I know what you mean about leaving. Part of it is just the Being Done with a place and the appetent pleasure/excitement at going to the next place.

 

But a big part of leaving Japan is being back in a place where the culture and lifestyle are your native ones or close to them...a place where you can read every publication without a dictionary, where you can give customer service reps a dose of the clean truth when you've been done, where you can handle your relationships with everyone from homeless to Hollywood in your own tongue.

 

And part of it is escaping a fairly regimented, closed and rigid society that can be frustrating for foreigners in so many ways.

 

After I quit my job in Tokyo in 2002, I hung around for a few months and it really sucked. I'd never had so much free time since school days, but there was precious little to do and nobody to do it with.

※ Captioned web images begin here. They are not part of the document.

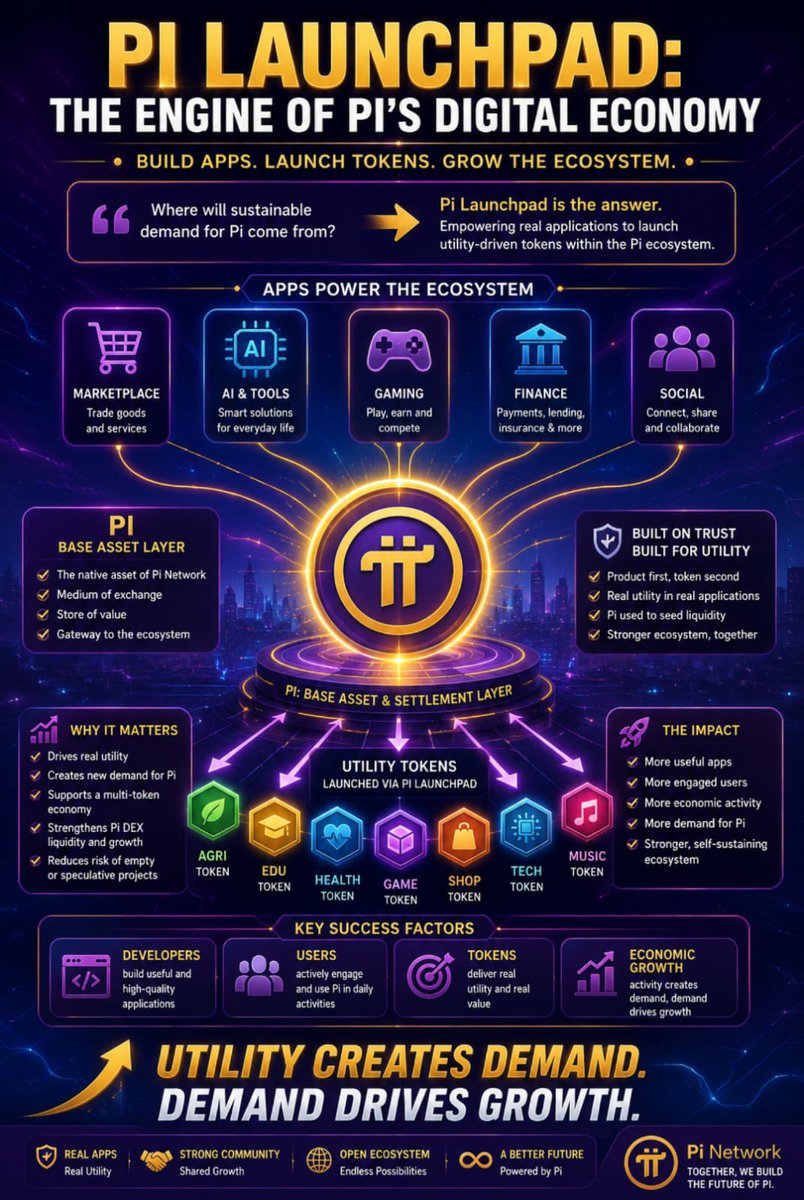 Diazag3's tweet photo. 🔥Pi launchpad is different &amp; unique🔥 

🎯 Product First
Projects must have a working application. Utility comes before token issuance.

⭕ Utility Driven Economy
Tokens are expected to serve real functions inside apps. Focus shifts from speculation to actual usage.

#PiNetwork https://t.co/LY3Ex1JGvd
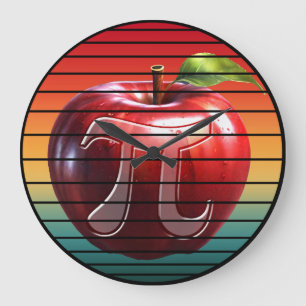 Reloj Redondo Grande Día de Pi Moderno de Moda Vintage Manzana Fruta
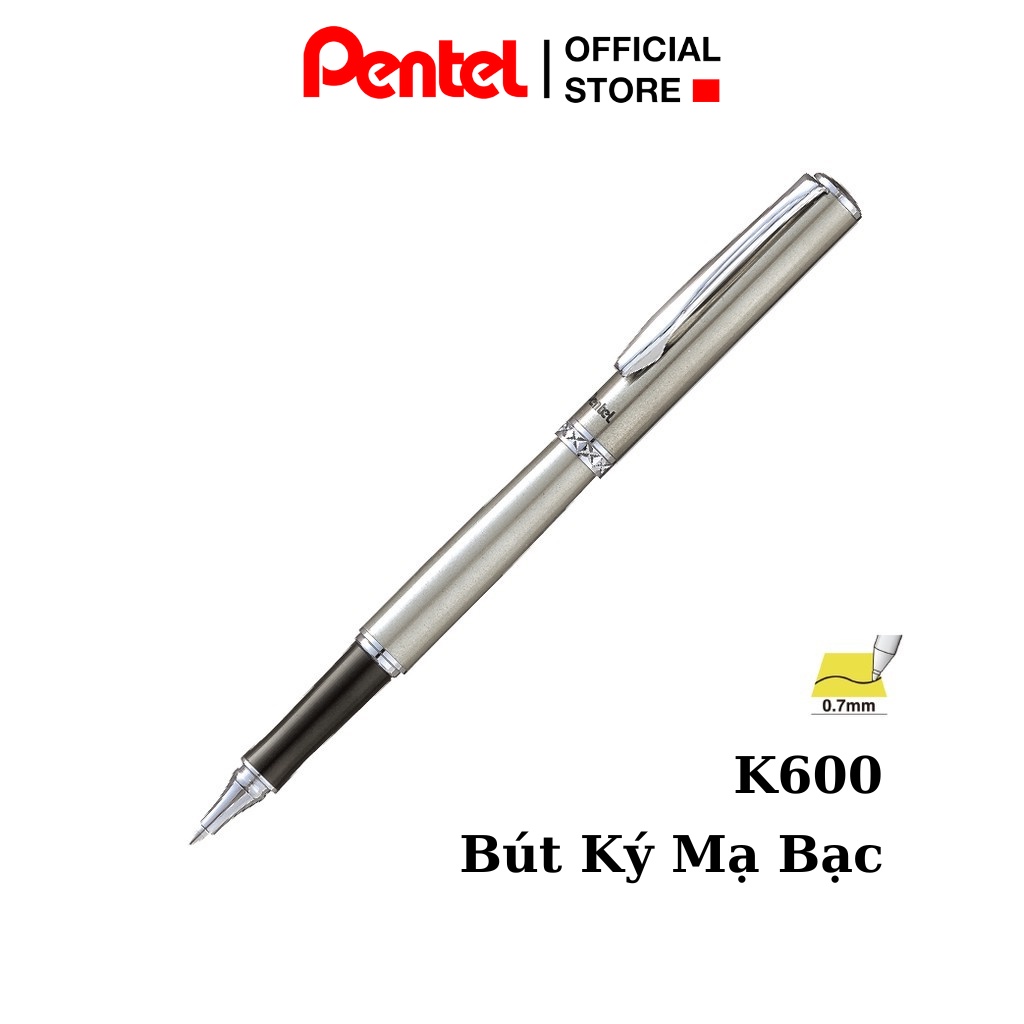 Bút Ký Pentel Cao Cấp K600 Ngòi 0.7mm Mực Xanh | Vò Màu Bạc|Có Ngòi Thay Thế | Mực Mau Khô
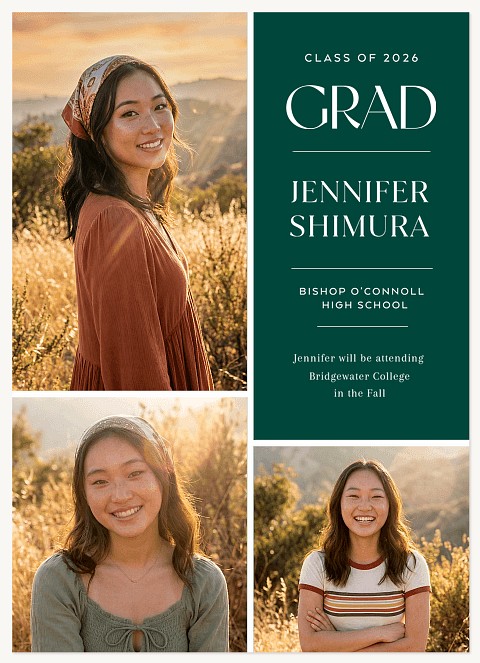 Vertical Spread Graduation Cards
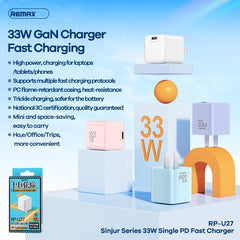 REMAX RP-U27 SINJUR SERIES 33W SINGLE PD FAST CHARGER CN(1 TYPE-C), 33W Charger, PD Charger, Fast Charger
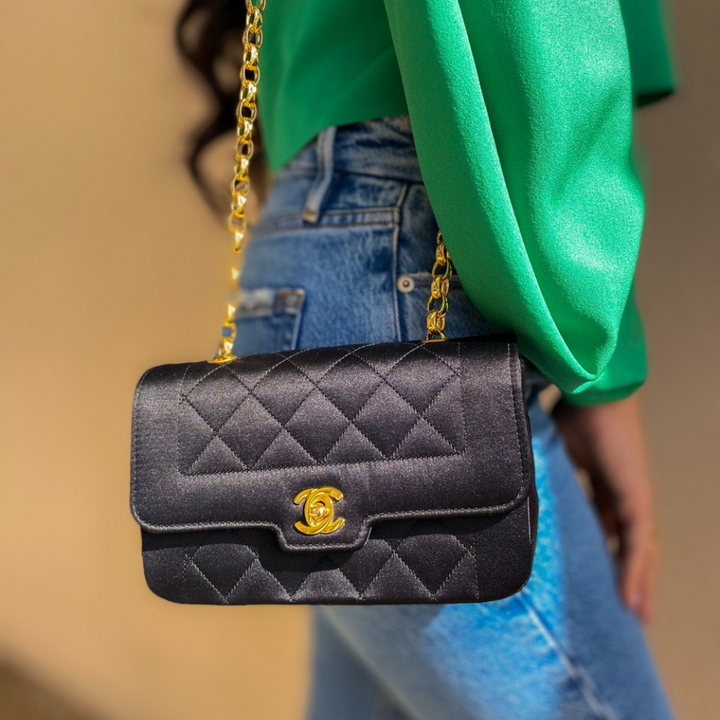 Chanel Vintage Black Satin Flap Crossbody Bag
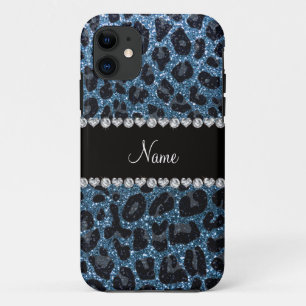 Individuelle Name-Blauer Leopardendruck Glitzer iPhone 11 Hülle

Walking around the streets in casual clothes on weekdays, when everyone else was in a suit even in 38-degree weather, made me feel like I was some kind of loser and outcast. I could go to a cafe and have a $5 coffee and sit there like an idiot. I could go back to my room and look at the Internet. Some weekends I could surf with my buddies...after a 3-hr. drive.

 

Then I remember getting back to Walled Lake, MI. In a matter of days I had a big Ford Expedition, a mountain bike with endless miles of forest trails to ride, and family and friends all up and down the road.

 

I remember lying on the carpet in a house all my own, staring out the window at the lush green trees, woods and pond in the back...all mine. I remember walking out my front door onto the shore of Walled Lake...my sis pulling up in a brand-new X-Star to pull us on the wakeboard and wakeskate...coolers of iced beer and booze all over the place...the liquor store even had a dock from which you could buy this stuff. Cutting the lawn, washing the car, going to the grocery store where nobody jammed past me in a tiny aisle elbowing my kidneys...I never had to walk behind smokers holding my breath, no old ladies pestered me on Sunday afternoons to pay TV taxes, nobody complained about how I put out my garbage, I didn't have to register with anyone and inform the local cops that I was living there, I called gas, water, electricity and phone service on Sunday night a 2 am and they were all open...I went to the bank at 6 pm on Saturday and they were open...

 

It was all so easy and free.

 

I just got back to Tokyo in March, and I could feel the doors slam shut. My commute involves 7 minutes on the train, and 28 minutes of lining up and waiting. I have to wait to go thru the wicket at my station, line up to shuffle down the stairs to the train, get jammed in and stepped on and crushed on the train, have to line up to shuffle up the stairs to the station, line up to get out of the wickets, walk in tiny chopping footsteps at a painfully slow pace to my building where, surprise, you actually have to line up and wait about 2-3 minutes to get on an elevator. Yes, they are backed up into the hallway. No cooler there either, you are dripping wet with sweat and exhausted before you even sit down at your desk...and you haven't even done a god damned thing yet!!

 

Just one tiny part of the whole frustrating puzzle of living here. Not a bad country, not a bad town, but really, to make a life in Tokyo? Sheesh.

 

I'm not saying these are the thins that are wrong with Japan and Tokyo. I'm just saying these are some things that were wrong with ME BEING IN Japan and Tokyo. Big difference.

 

Deebs, enjoy it! You got out!!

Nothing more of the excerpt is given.